- **Directions for this task**: Output only the lines that run from the line holding "河北：确保年内107个县域特色产业集群省级以上检验检测机构技术服务全覆盖" to the end of the entries, both ends included, and skip the pictures.

::: Given records :::

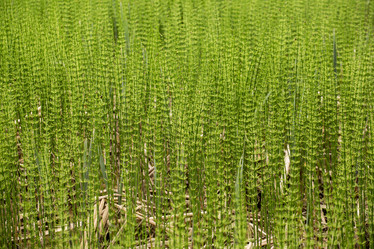 Similar image 21954613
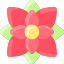 Poinsettia icon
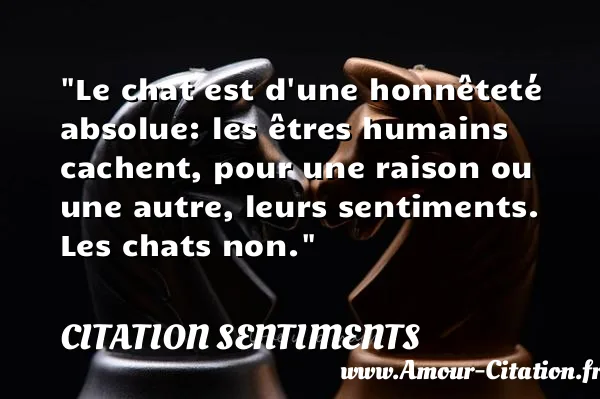 Le chat est d une honnêteté absolue: les êtres humains cachent, pour une raison ou une autre, leurs sentiments. Les chats non.  CITATION SENTIMENTS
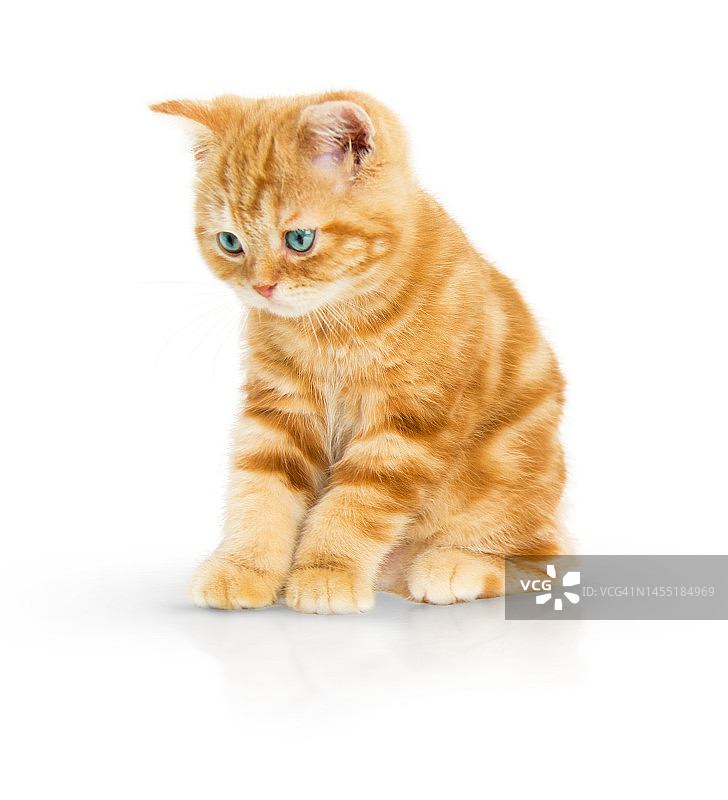 可爱的姜黄色小猫图片素材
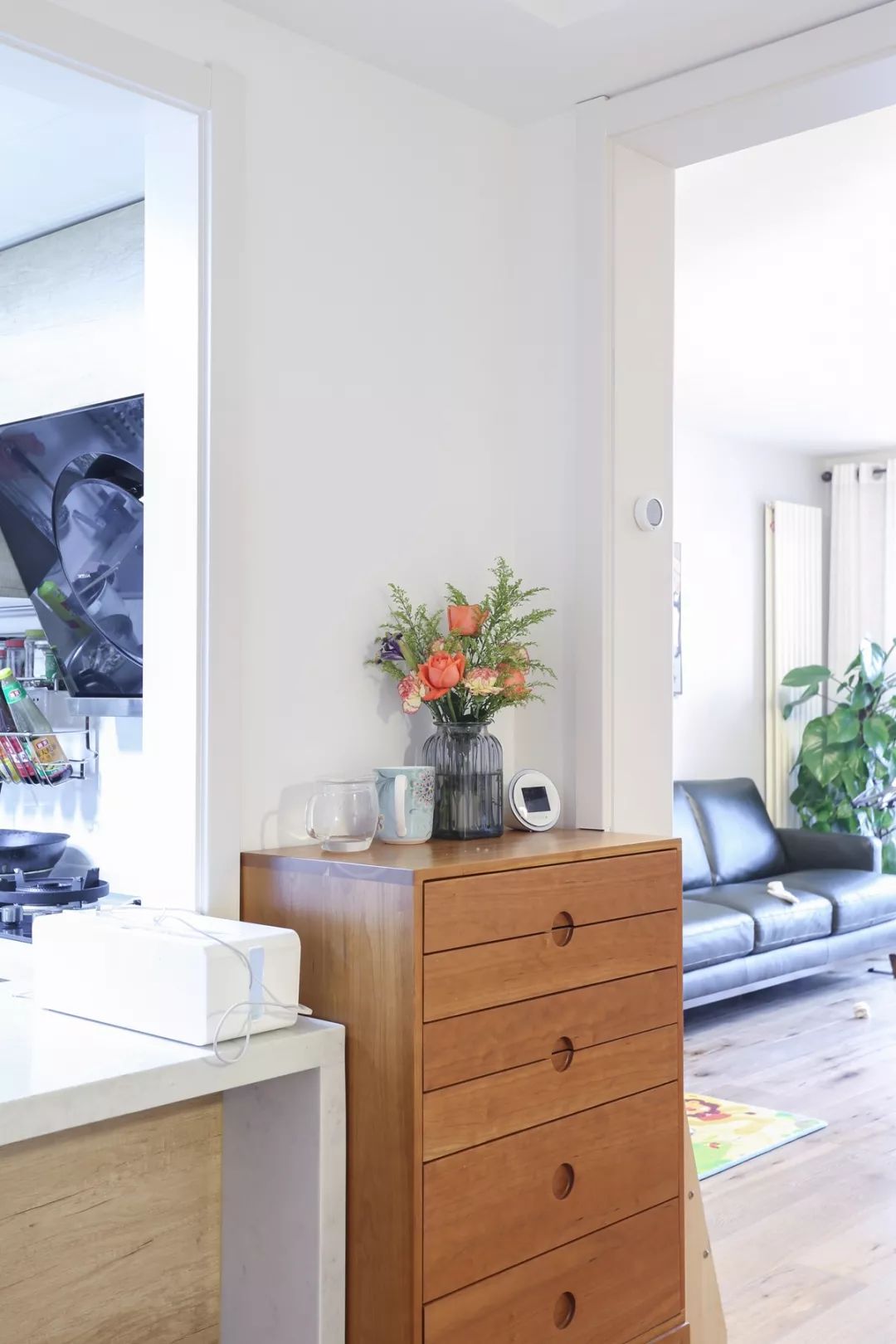 有两个宝宝的家庭应该怎么办,有娃的家里就一定会乱吗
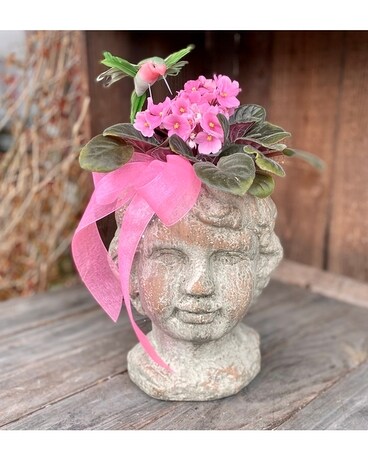 Flowering Cherub Dish Garden Plant
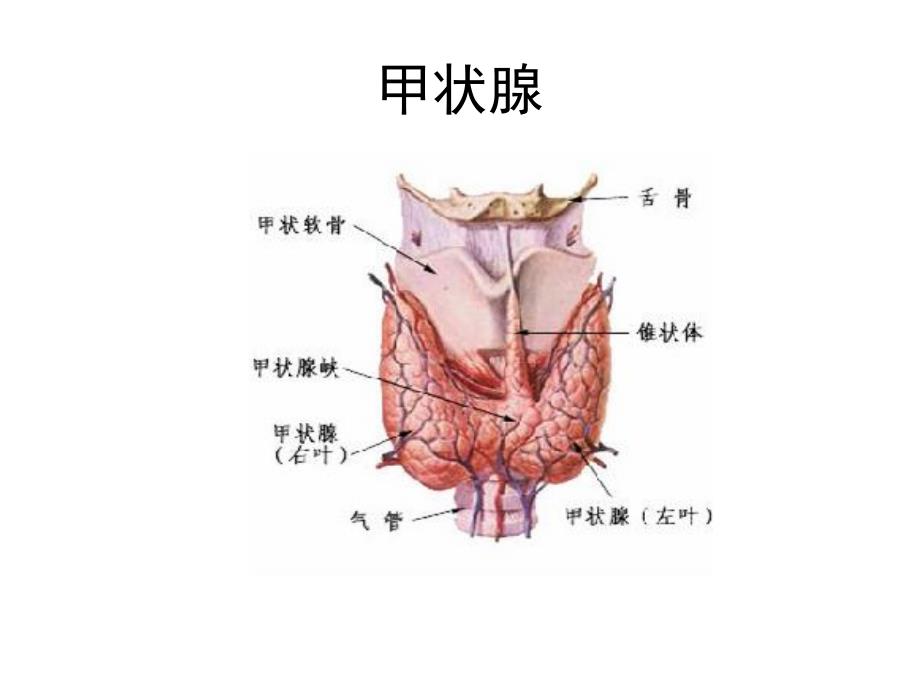 甲状腺结节与糖尿病饮食_第2页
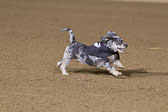 Weiner-Dog-Races-2018-233.jpg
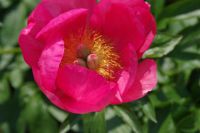 Rene Koot, foto gemaakt in Peony Showgarden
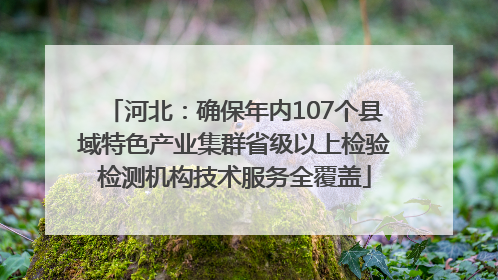河北：确保年内107个县域特色产业集群省级以上检验检测机构技术服务全覆盖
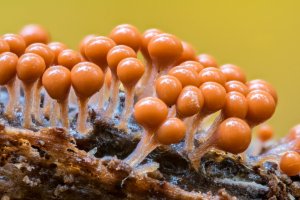 Shluk slizovek – Rainer Fuhrmann / Shutterstock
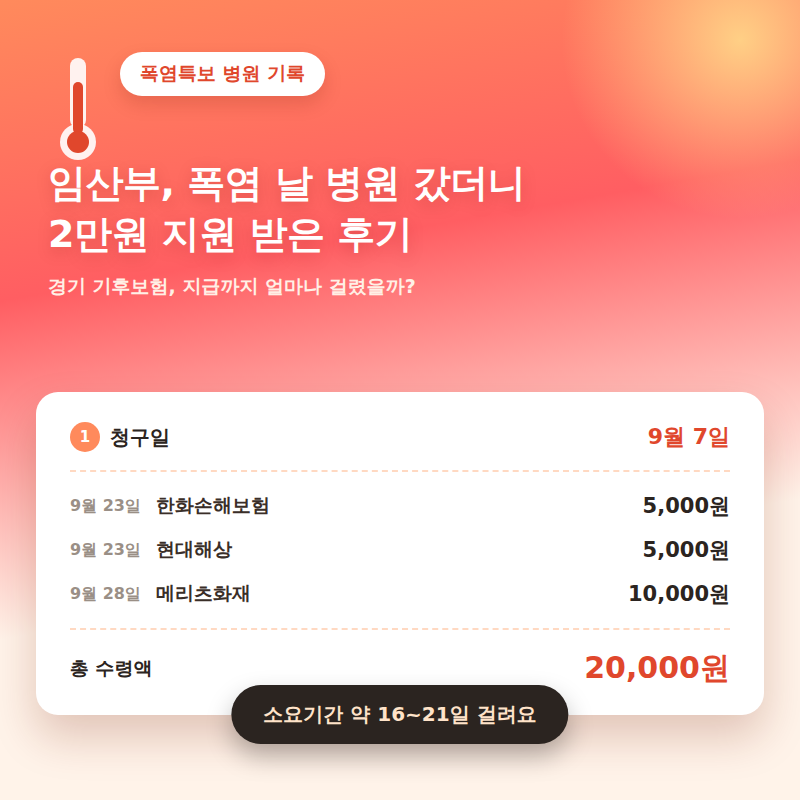 임산부, 폭염 날 병원 갔더니 2만원 지급 받은 후기 (경기 기후보험 청구부터 지급 소요 기간 ....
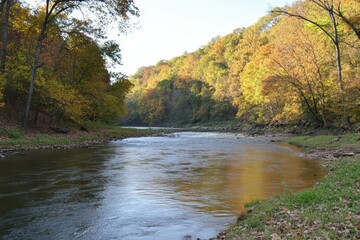 Serene River Flowing Through Colorful Autumn Forest Landscape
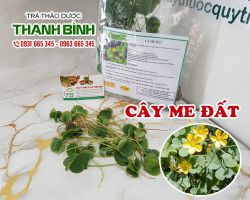 Mua bán cây me đất tại tp hcm uy tín chất lượng tốt nhất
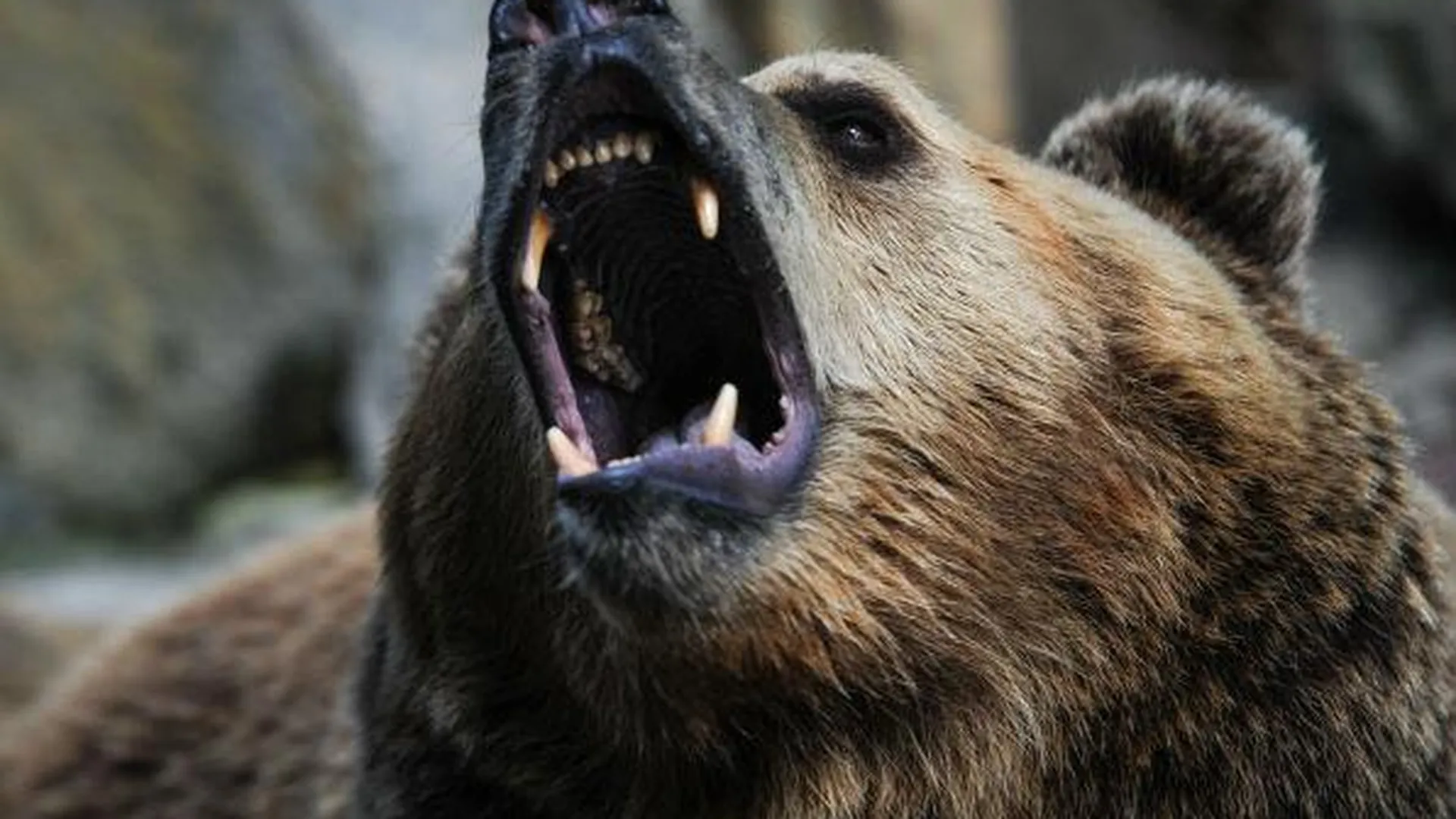 Женщине пришлось рожать в окружении агрессивных медведей посреди болота в глухой тайге 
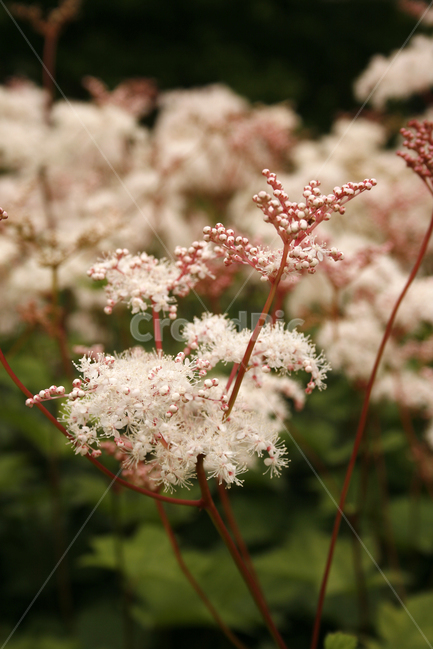 터리풀,식물,flower,plants,nature,꽃,꽃봉오리,식물,자연,plants,nature,꽃,flower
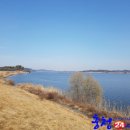 양화면행정복지센터 이미지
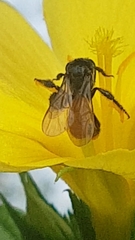 Trigona fulviventris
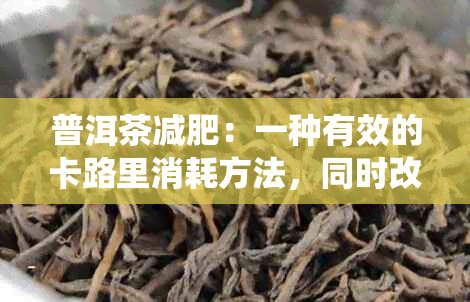 普洱茶减肥：一种有效的卡路里消耗方法，同时改善新陈代谢与消化系统的运作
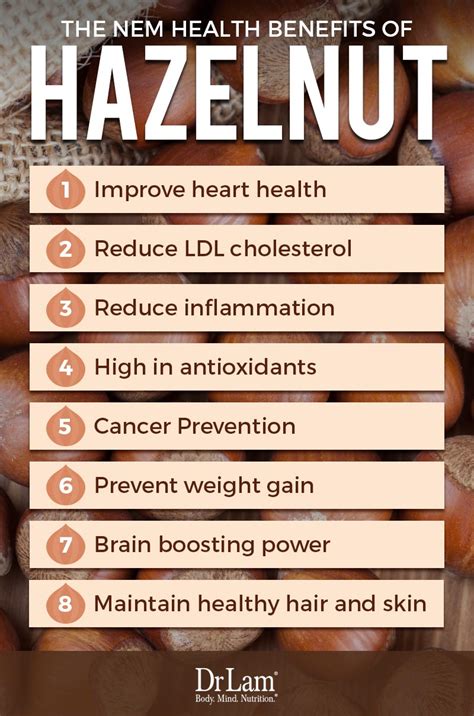 Surprising Hazelnut Benefits You Can Use To Combat Adrenal Fatigue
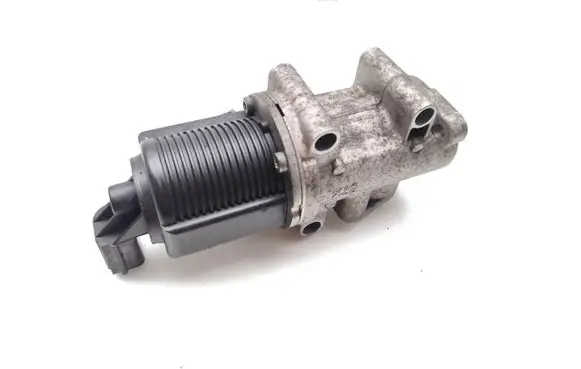 EGR valve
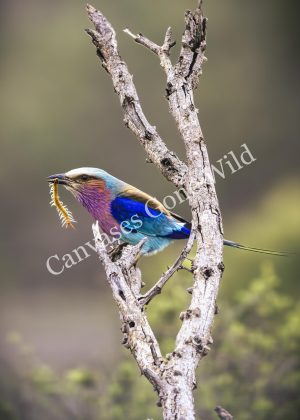 Lilac-breasted roller_002 No watermark-1 CGW_Lilac-breasted roller_002
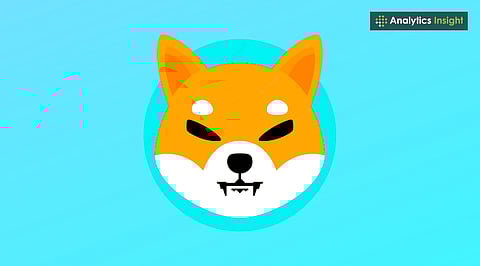 Shiba Inu News: SHIB Surpasses Litecoin in Market Cap After Massive Token Burn Spike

:::

- **The completed task**:
河北：确保年内107个县域特色产业集群省级以上检验检测机构技术服务全覆盖
 Shluk slizovek – Rainer Fuhrmann / Shutterstock
 임산부, 폭염 날 병원 갔더니 2만원 지급 받은 후기 (경기 기후보험 청구부터 지급 소요 기간 ....
 Serene River Flowing Through Colorful Autumn Forest Landscape
 Mua bán cây me đất tại tp hcm uy tín chất lượng tốt nhất
 Женщине пришлось рожать в окружении агрессивных медведей посреди болота в глухой тайге 
 터리풀,식물,flower,plants,nature,꽃,꽃봉오리,식물,자연,plants,nature,꽃,flower
 양화면행정복지센터 이미지
 Trigona fulviventris
 普洱茶减肥：一种有效的卡路里消耗方法，同时改善新陈代谢与消化系统的运作
 Surprising Hazelnut Benefits You Can Use To Combat Adrenal Fatigue
 EGR valve
 Lilac-breasted roller_002 No watermark-1 CGW_Lilac-breasted roller_002
 Shiba Inu News: SHIB Surpasses Litecoin in Market Cap After Massive Token Burn Spike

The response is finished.